Radioactive waste disposal14

High-level radioactive waste

In line with the Specified Radioactive Waste Final Disposal Act, final dis­posal facilities are planned for the geological disposal of HLW and are scheduled to start operation in the 2030s through the following three-step selection process: selection of preliminary investigation areas, selection of detailed investigation areas, and selection of the final disposal facility areas. When local governments wish to volunteer for ‘areas to be investigated as to the feasibility of constructing final repository of HLW’, it is important that the implementor (NUMO), the government and the utility companies give sufficient understanding and awareness to the local residents about the advantages and disadvantages of the final repository and various sectors of the local community, including local government. The government, research and development (R&D) institutions and NUMO, while giving due consid­eration to their own roles and in close partnership, are expected to consist­ently promote R&D into HLW geological disposal. NUMO is expected to safely implement the final HLW disposal project and systematically perform technical development to improve the economics and efficiency of the dis­posal activities. R&D institutions, led by the JAEA, through utilization of underground research facilities, continue to conduct research on under­ground geology, basic R&D towards improved reliability of geological disposal technology and safety assessment methods, and for safety regulations.

While being aware of overseas knowledge and experience, it is important to develop and maintain an advanced knowledge base that supports final repository projects and safety regulations, as well as to appropriately reflect it in NUMO’s final disposal projects. To this end, the government and R&D institutions work together to survey the entire Japanese waste management programme systematically and efficiently. R&D institutions such as JAEA, Radioactive Waste Management Funding and Research Center, etc., need to cooperate with the government and NUMO in activities to improve the understanding and awareness of society at large. Furthermore, it is neces­sary for the government to develop specific rules concerning safety regula­tions based on the progress of these R&D activities.

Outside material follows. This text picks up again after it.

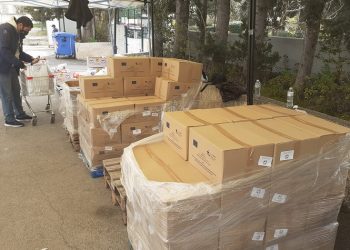 ΤΕΒΑ & Δήμος: Σε περισσότερες από 200 οικογένειες η διανομή τροφίμων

Geological disposal of radioactive wastes containing transuranium elements

Some LLW containing TRU elements needs to be disposed of geologically. If some TRU waste targeted for geological disposal can be buried together with HLW (co-disposed), the number of repository sites may be reduced, improving economic efficiency. Based on assessment of the influence of TRU and HLW co-disposal on the integrity of the disposal site, the govern­ment should then consider necessary measures, including the nature of an implementing body and its own involvement.

LLW from overseas reprocessing consigned by Japan will gradually be returned from France and the UK. French reprocessing firms suggest chang­ing the solidification method from embedding in bitumen to vitrification, while UK reprocessing companies will embed the LLW in cement for geo­logical or disposal with institutional control. In the latter case, the waste returned to Japan is HLW (vitrified waste) with equivalent levels of radio­activity to the LLW exported. In light of these suggestions, it is expected that the number of shipments can be reduced and storage facilities in Japan for LLW awaiting final disposal can be downsized. Thus, the government, in response to discussions with the operators, will assess the benefits of waste treatment by the new solidification methods, suggested by France, and of the conversion indexes of waste, as suggested by the UK. If these suggestions are found to be acceptable, the government should discuss the institutional issues.